The Cornfield Flowers Project was set up more than 10 years ago in response to concerns that almost all the wildflowers in the North Yorkshire Moors National Park (NYMNPA) area had disappeared.

Many wildflowers can only grow in wheat and corn fields and have been put at risk by the growth in herbicides.

The project is run in partnership by the Carstairs Countryside Trust, NYMNPA and the Ryedale Folk Museum, and aims to support the natural biodiversity of the region and reverse the trend toward extinction of indigenous plants.

The partnership has made a request for £80,000 of funding from the NYMNPA, which will hold a special authority committee meeting on Thursday, November 12 to decide if the funding should be released.

The grant has already been approved by the Authority’s Sustainable Development Fund Panel but must be rubber stamped by the committee.

The Cornfield Project is based in the National Park, as well as on arable land near the A19 and south of Thixendale on the Wolds, near Malton.

So far the project has established 26 wildflower sites on farms and in three disused quarries.

The project has been so successful that the partnership has been able to donate thousands of seeds from five rare plants to the Millennium seed bank at Kew Gardens, in London.

Rona Charles, senior ecology officer at NYMNPA, said: "Ten years ago one of our botanists realised how few wildflowers there were left in the Park’s arable land.

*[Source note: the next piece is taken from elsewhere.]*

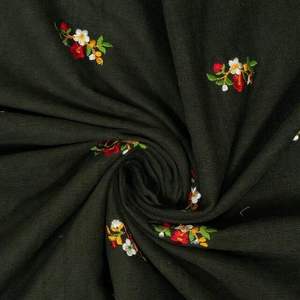 Tela de Chifón Bordada Malty Dobby, 100% Poliéster, Transpirable, Ecológica, para Bodas, Color Personalizado, Suministro Textil, Exportaciones - Product Image 4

"We realised that unless we did something we would lose some of the species altogether. Wildflowers rely on farmers land but farmers have got very good at getting rid of them."

The next stage of the project will last for five years and plans are in place for the £80,000 to be used to expand operations in disused quarries, work with small scale farmers and non-farmers to teach them how to support local flora and to broaden the range of rare plants that are planted.